DASM: Data-Streaming-Based Computing in Nonvolatile Memory Architecture for Embedded System
Liang Chang,Xin Ma,Zhaohao Wang,Youguang Zhang,Yufei Ding,Weisheng Zhao,Yuan Xie
DOI: https://doi.org/10.1109/tvlsi.2019.2912941
2019-01-01
IEEE Transactions on Very Large Scale Integration (VLSI) Systems
Abstract:Emerging nonvolatile memories (NVMs), including resistive RAM (RRAM), phase-change memory (PCM), and magnetic RAM (MRAM), have opened up new pathways for Computing-In-Memory (CIM). Those NVM technologies can achieve energy-efficient computational operations with only minor modification of the peripheral circuits. Despite many advantages provided by computational NVMs, parallelism is not sufficiently explored in such CIM designs.

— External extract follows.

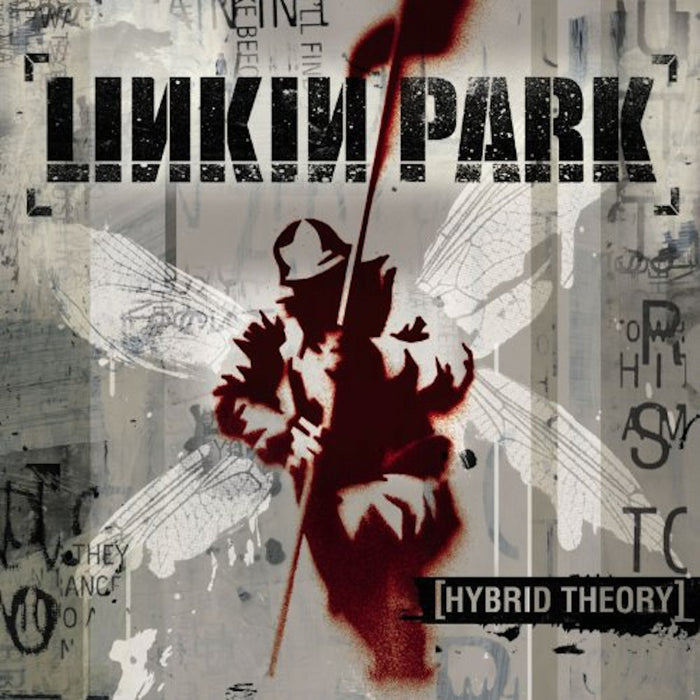 Linkin Park - Hybrid Theory [Audio Vinyl]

To break through this limitation on performance gain, we propose a data-streaming design for the NVM-based CIM (e.g., DASM) by leveraging the underlying parallelism in the hardware. DASM benefits from the massive parallelism of data-streaming computing, reduction in data movement of the CIM, and the nonvolatility of memory arrays. Specifically, data streaming operations can be implemented with CIM bitwise operations in both read-out and write-in procedures. In addition, we use the multilevel power gating for the memory array and connections to further boost the performance. Finally, we study a case of inference process for the quantized deep-neural-network-based on the DASM design. DASM architecture achieves 47.8x, 5.1x, 2.1x speedup compared to the NVIDIA Jetson TK1 embedded GPU board, Intel Xeon E5-2640 CPU, the state-of-the-art field-programmable gate array (FPGA) design, with much lower power consumption.